**WORK REQUIRED:**
Retype every line from the top of the entries down to the one with "a bathroom with", both included, and skip the pictures.

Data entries

>>

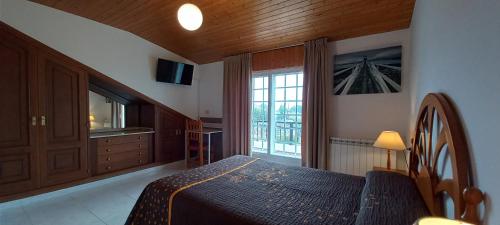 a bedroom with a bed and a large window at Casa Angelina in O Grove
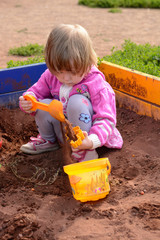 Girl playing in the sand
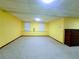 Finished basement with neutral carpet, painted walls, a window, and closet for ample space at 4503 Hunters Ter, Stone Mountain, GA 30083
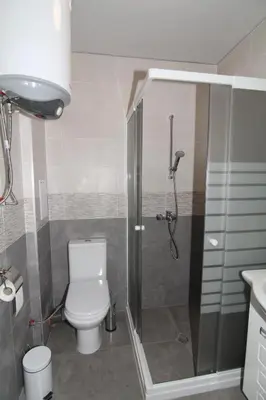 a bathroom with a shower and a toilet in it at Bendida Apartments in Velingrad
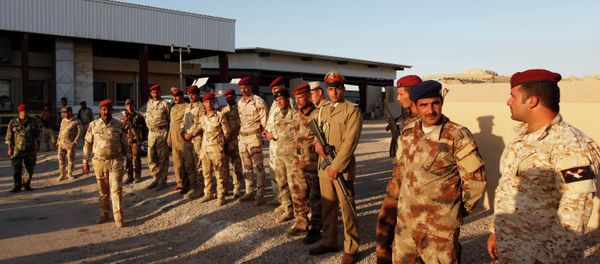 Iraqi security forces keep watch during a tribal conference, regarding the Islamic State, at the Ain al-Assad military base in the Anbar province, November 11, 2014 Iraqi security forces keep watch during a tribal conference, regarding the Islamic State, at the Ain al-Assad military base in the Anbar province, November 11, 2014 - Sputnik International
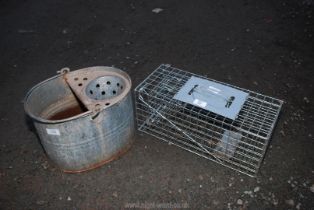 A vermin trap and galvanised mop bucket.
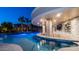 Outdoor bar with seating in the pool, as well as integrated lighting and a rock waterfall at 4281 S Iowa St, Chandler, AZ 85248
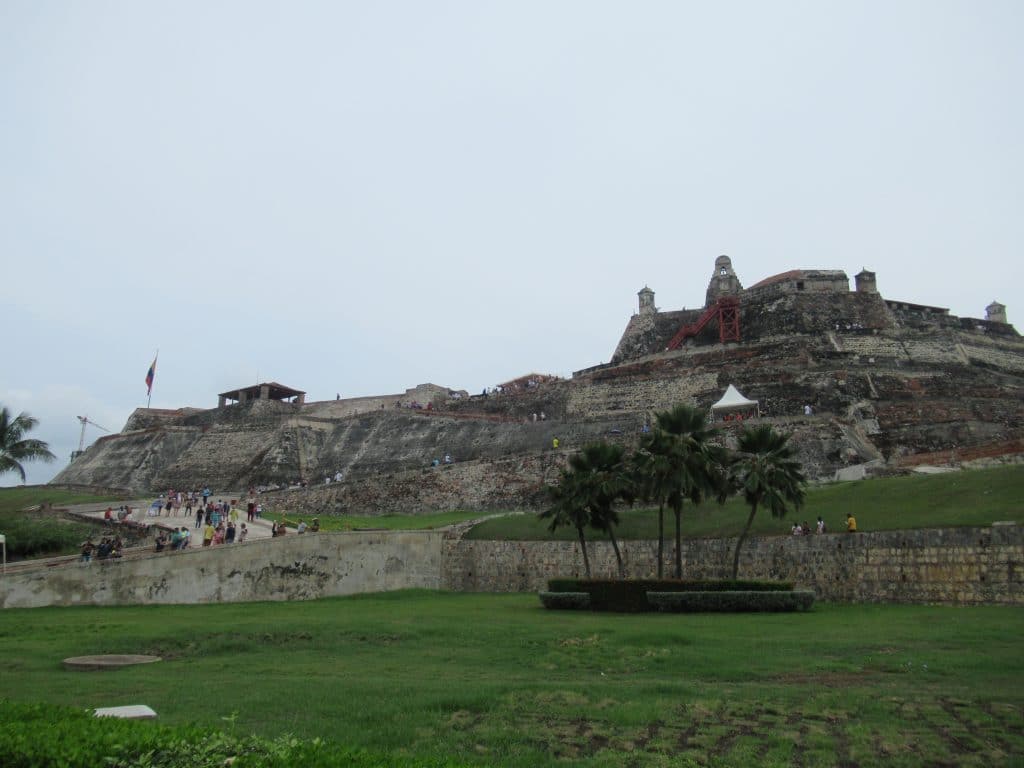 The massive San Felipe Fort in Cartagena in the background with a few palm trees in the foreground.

<<

**EXPECTED OUTPUT:**
 a bedroom with a bed and a large window at Casa Angelina in O Grove
 Girl playing in the sand
 Finished basement with neutral carpet, painted walls, a window, and closet for ample space at 4503 Hunters Ter, Stone Mountain, GA 30083
 a bathroom with a shower and a toilet in it at Bendida Apartments in Velingrad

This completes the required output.